● EXERCISE PROMPT: Could you copy exactly the lines from the start of the records through the one containing "A-Form Kleid von", both included, and leave out the pictures?

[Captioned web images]
+ + +
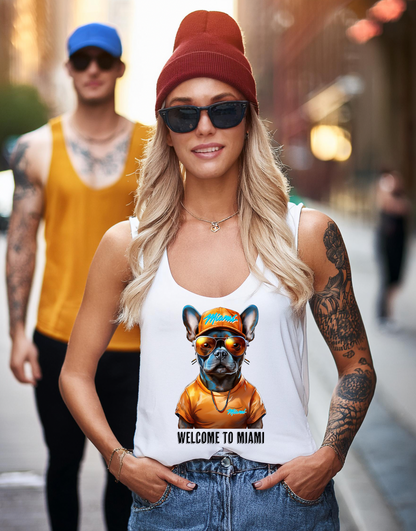 Frenchie Miami Orange White Collection Art T-Shirt - Unisex Design | Grooveman Music TM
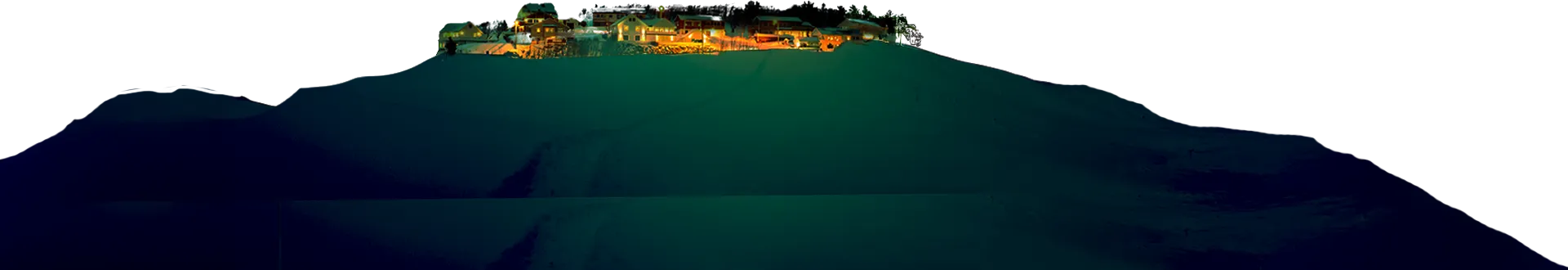 Hill capped with buildings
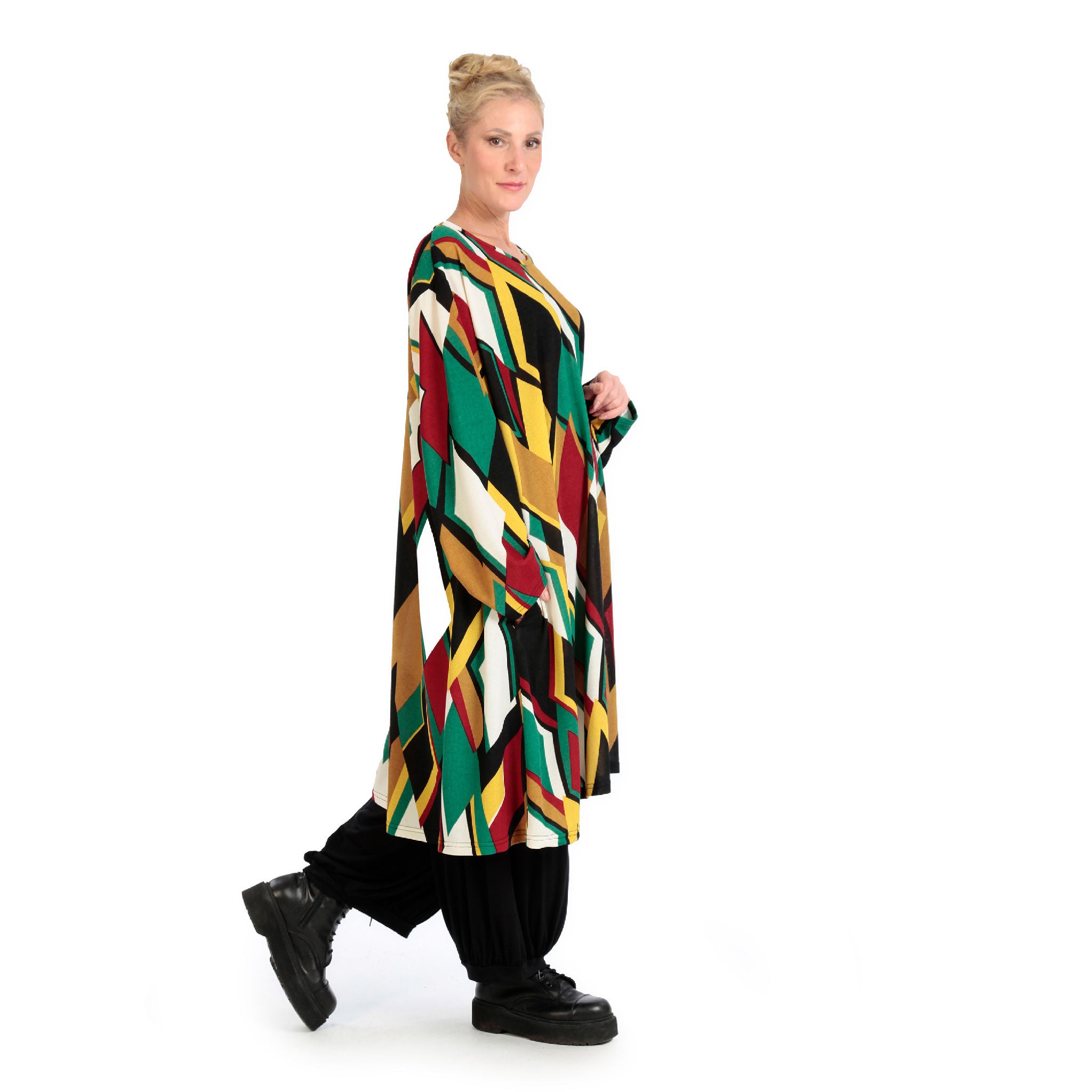  A-Form Kleid von AKH Fashion aus Viskose, 1138.06863, Rot-Grün-Weiß, Trapez, Schick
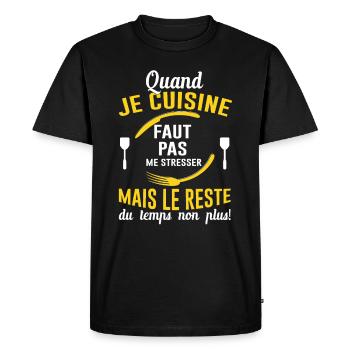 Cuisine Cuisinier Restaurant Cadeau Cuisinière Bbq - T-shirt Premium bio Homme - noir - Devant - Nico (187cm)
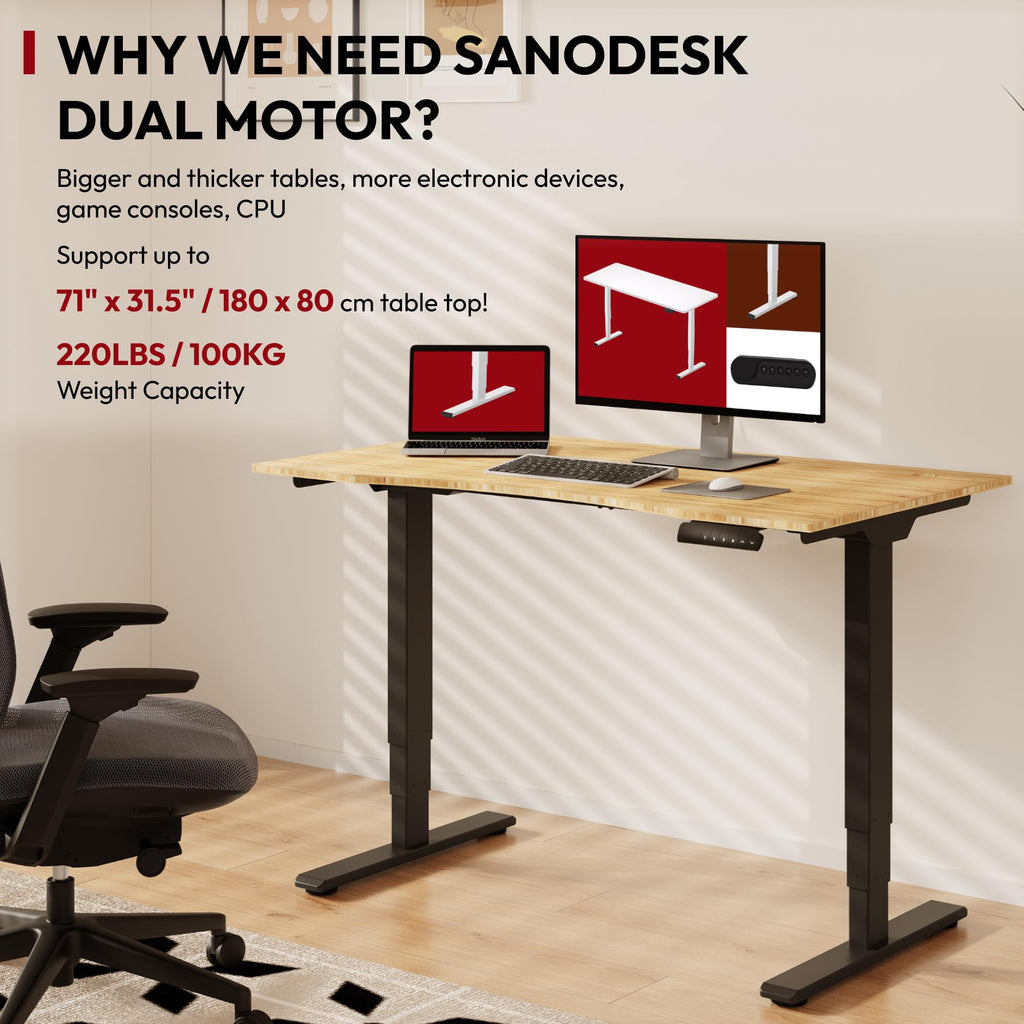 Solid Bamboo Dual Motor Standing Desk, 220 lbs, 48×24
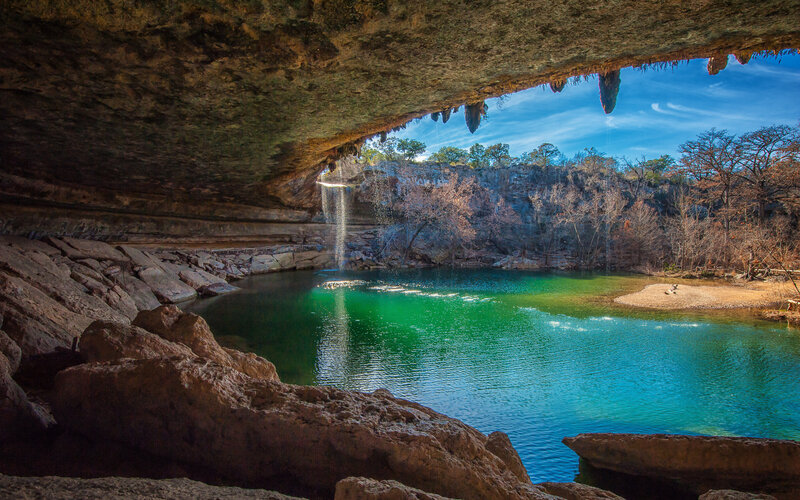 Cave with Waterfall — Green, Serene, Afternoon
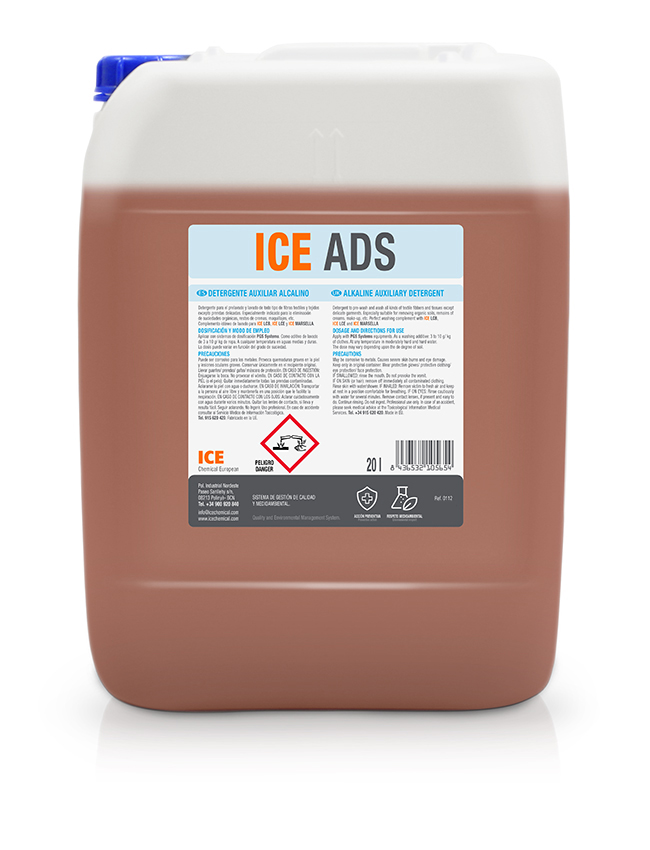 0112952 ICE ADS es un detergente para el lavado de todo tipo de tejidos excepto las prendas delicadas. Indicado para la eliminación de suciedades orgánicas.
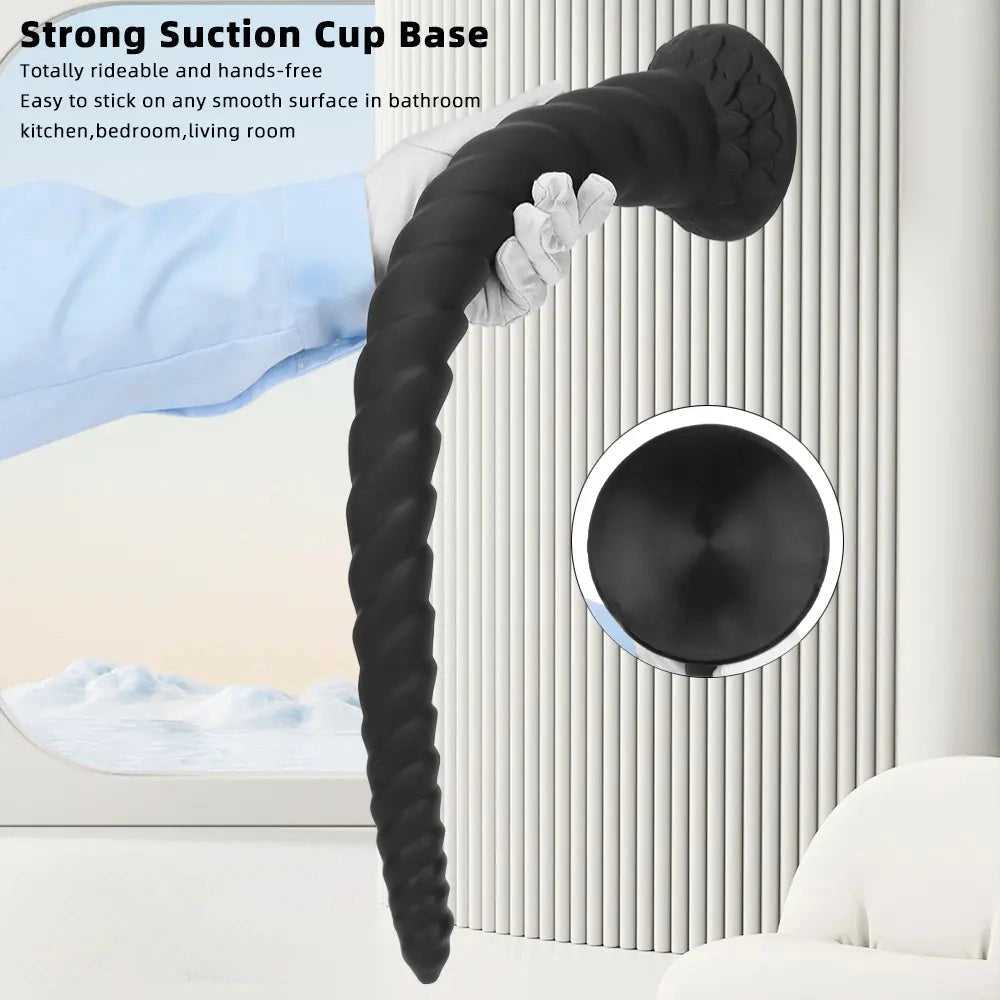 22.04in Liquid Silicone Super Long Texture Anal Plug Large Soft Dildo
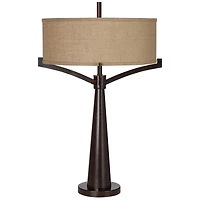 Tremont Rustic Farmhouse Table Lamp 31 1/2" Tall Allegheny Bronze Brown Iron Burlap Fabric Drum Shade for Bedroom Living Room House Home Bedside Night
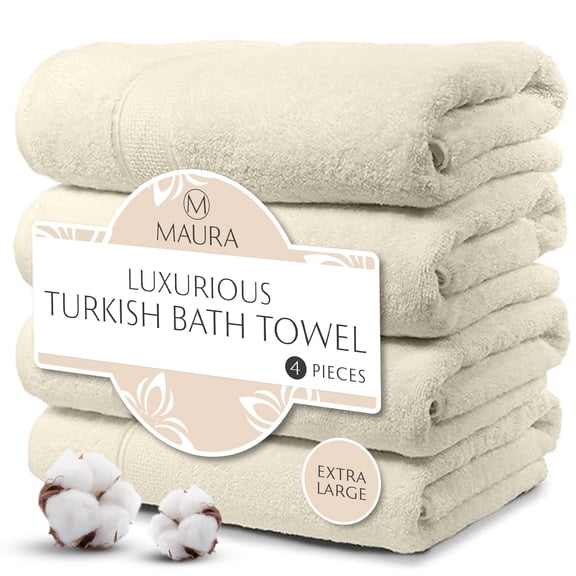 MAURA Ivory Extra Large Turkish Cotton Luxury Bath Towels set of 4. Ultra-Soft, Thick & Plush Towels for Bathroom - Cream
+ + +
● YOUR SOLUTION:
 Frenchie Miami Orange White Collection Art T-Shirt - Unisex Design | Grooveman Music TM
 Hill capped with buildings
  A-Form Kleid von AKH Fashion aus Viskose, 1138.06863, Rot-Grün-Weiß, Trapez, Schick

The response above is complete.